The North Country Economic Index (NCEI) is a quarterly economic report to gauge the performance of the economy in the northern rural New Hampshire, which currently includes Coös County. The NCEI is released four times a year – in March for Winter (December, January and February), in June for Spring (March, April and May), in September for Summer (June, July and August), and in December for Autumn (September, October and November).
NCEI also tracks the economic performance of the State of New Hampshire for the purposes of comparison. Posting county and state indicators side by side makes it clear how the county’s economy fares in comparison to the state’s economy. This State Index is constructed using the same methodology and component indicators used in the construction of the County Index so that the two Indexes can be directly comparable.
The economic activity decreased in Coos County between summer 2014 and summer 2013. The Economic Index fell for the first time since Winter 2013 on a year-over-year basis. The pace of growth decreased steadily for three straight quarters. Though, three of the five component indicators still remained up from their 2013 summer levels. The decline in the economic activity was attributed largely to the struggling goods-producing sector and the stagnant labor market. Number of employed residents declined two quarters in a row on a year-over-year basis, while industrial electricity sales fell after increasing two consecutive quarters. The County’s housing market activity fell; both home sales and median home prices decreased from a year earlier. On a positive note, the tourism sector continued to grow; both average Saturday vehicle traffic counts and spending at lodgings were up from the prior year. But the pace of growth in spending at lodgings declined three straight quarter.

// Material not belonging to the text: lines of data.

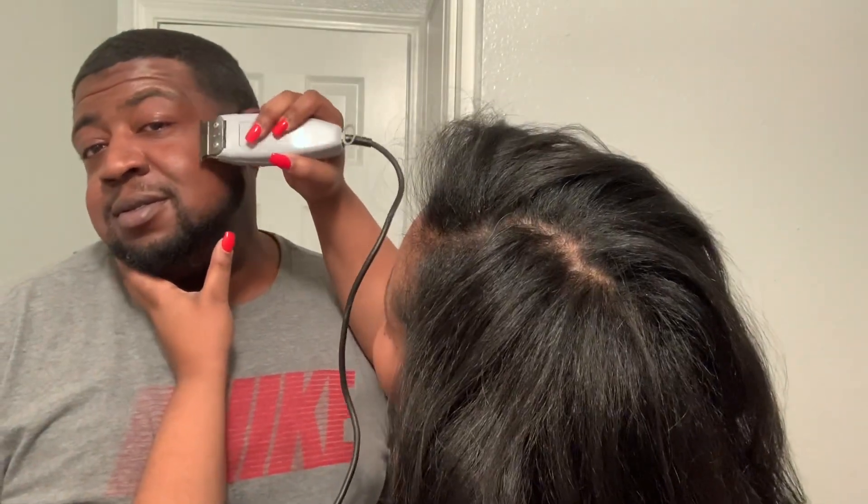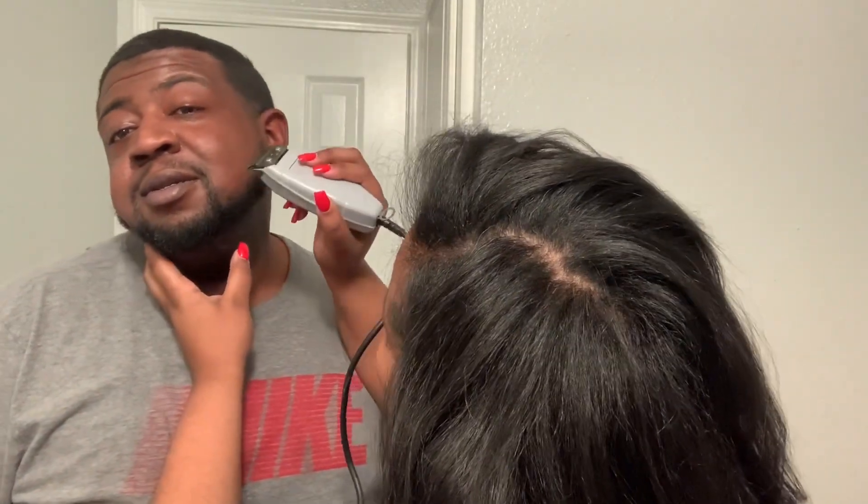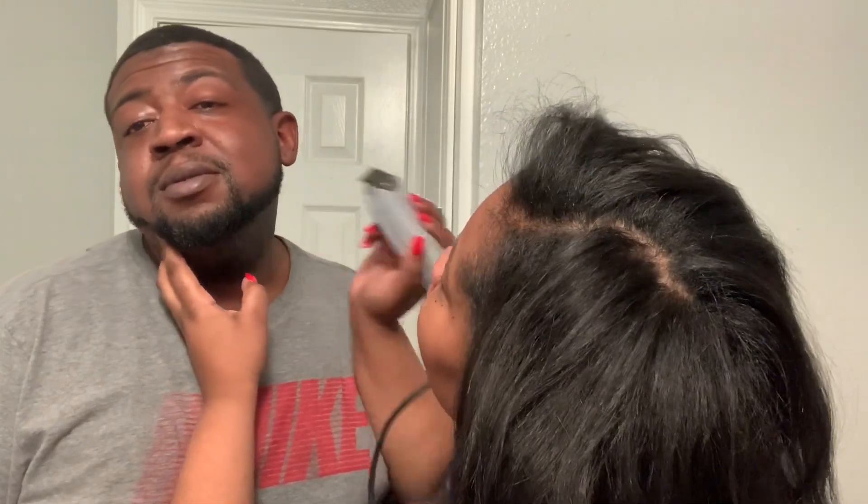You don't trust me. I don't trust me. It's going to be a long process. How's that?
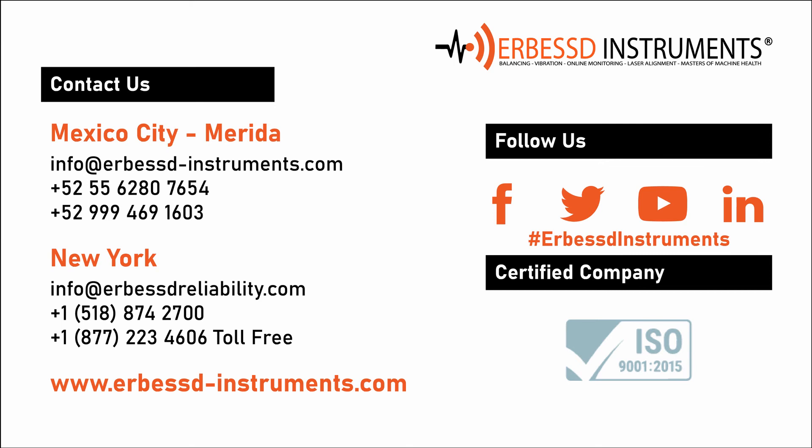If you have any questions, require a comment, need more information, or want to purchase one of our equipment, do not hesitate to contact us. Until next time.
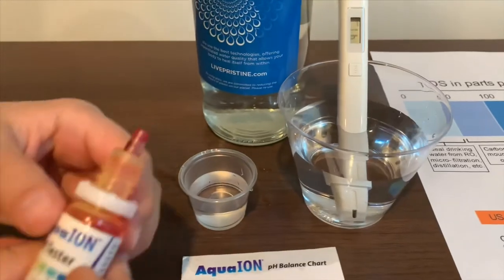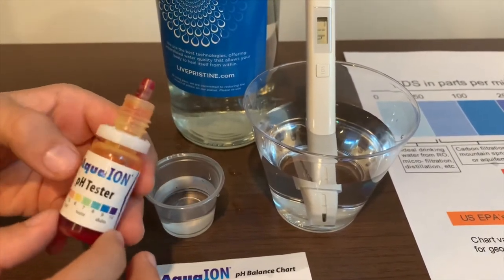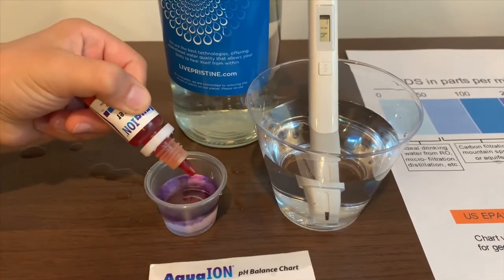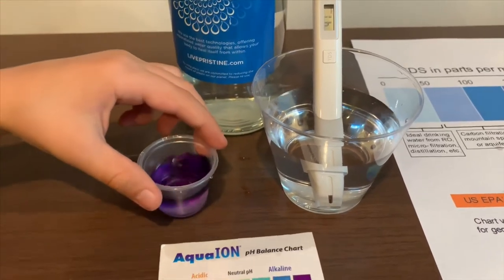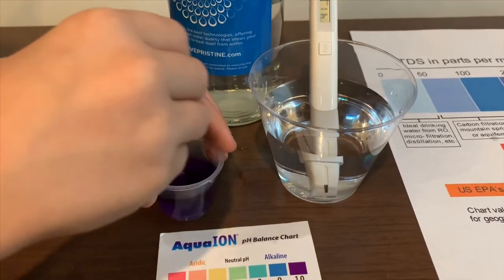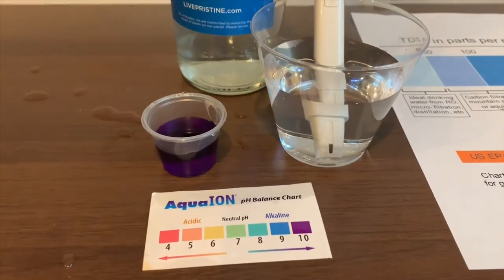Now let's test the pH level — we only do two drops. If you want to buy this pH tester, check the link down below. Let's stir it a little. I give this a 10. This is alkaline water.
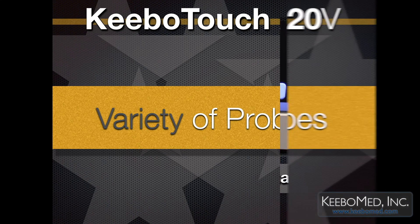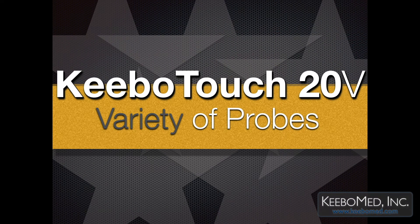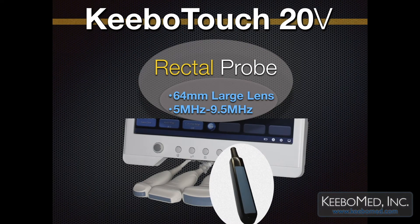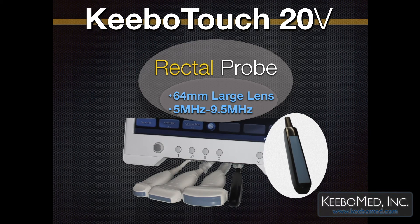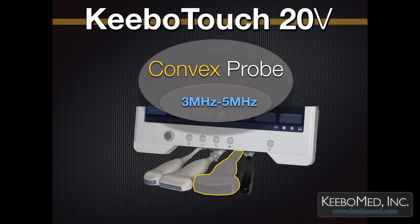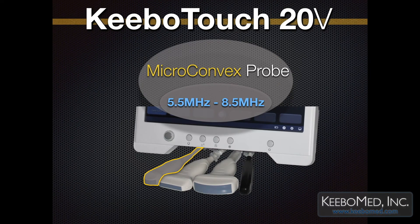Kibo Touch 20V is affordable, and as standard it includes one probe of your choice. There are a variety of probes to choose from, and each probe comes with THI function as standard. The Rectal Linear Probe has a large 64mm lens with a frequency of 5–9.5 MHz. The Linear Probe is 5–11 MHz. The Convex Probe is 3–5 MHz. The Micro Convex Probe is 5.5–8.5 MHz.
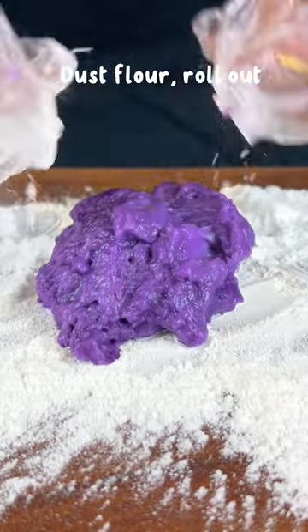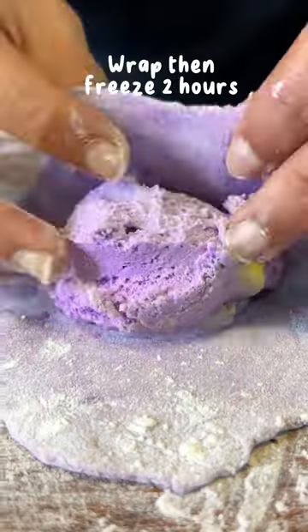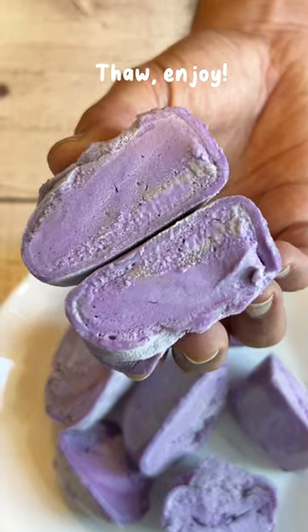Mix it, then microwave again for 50 seconds. Dust a little flour from earlier and roll it out. Add a scoop of ice cream and wrap it quickly. Freeze it before you enjoy it.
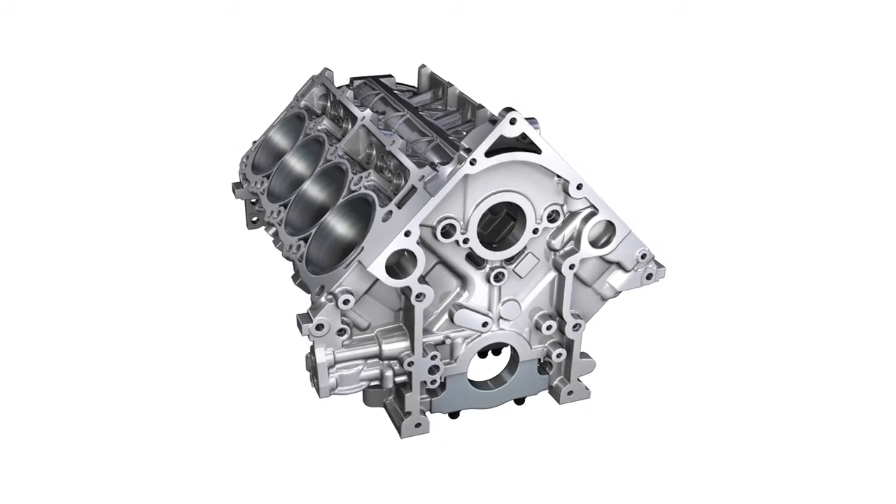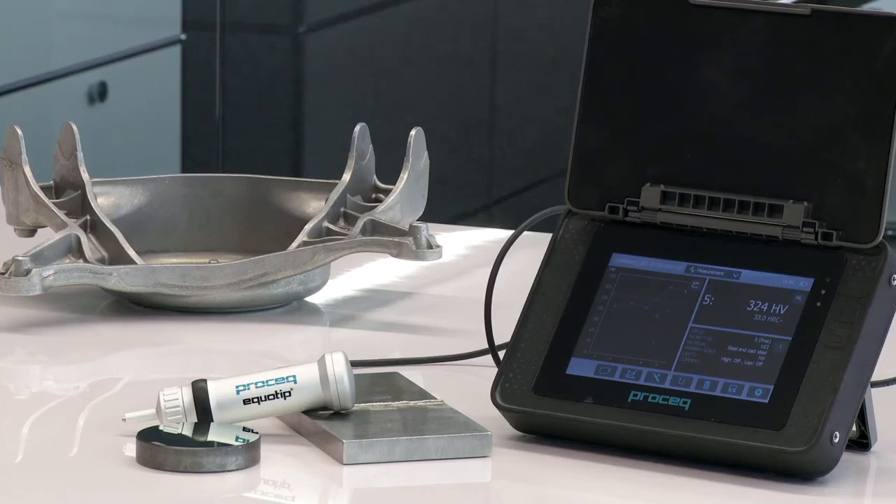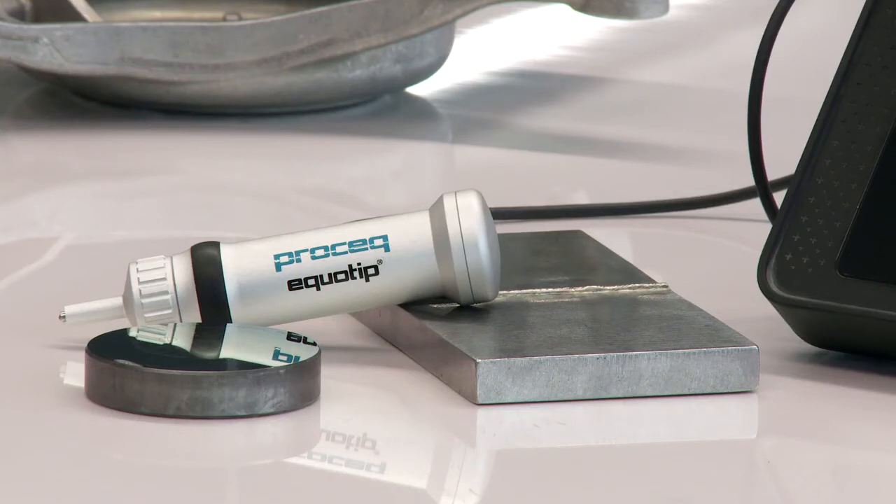The key benefit for us users is that we have now one instrument that covers all portable hardness testing applications. With my roughly 20 years of experience in the field of portable hardness testing, I'm really excited about the brand new UCI program.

The State’s economy remained on track to recovery in summer 2014. The State Index increased 16 consecutive quarters on a year-over-year basis. All five component indicators remained up from the prior year. But, the pace of growth fell after increasing two straight quarters. The industrial sector continued to get stronger; industrial electricity sales grew ten consecutive quarters. The labor market remained strong as well; the number of employed residents expanded on a year-over-year basis. The tourism sector continued to be a force behind the recovery; Saturday vehicle traffic counts rose five quarters in a row and spending at lodgings increased six consecutive quarters on a year-over-year basis. The state’s housing market cooled off; home sales declined from prior year for the first time since summer 2011. Lastly, we are excited to announce an addition of a leading indicator for the state’s tourism industry. It is reported at the bottom of the leading indicator section.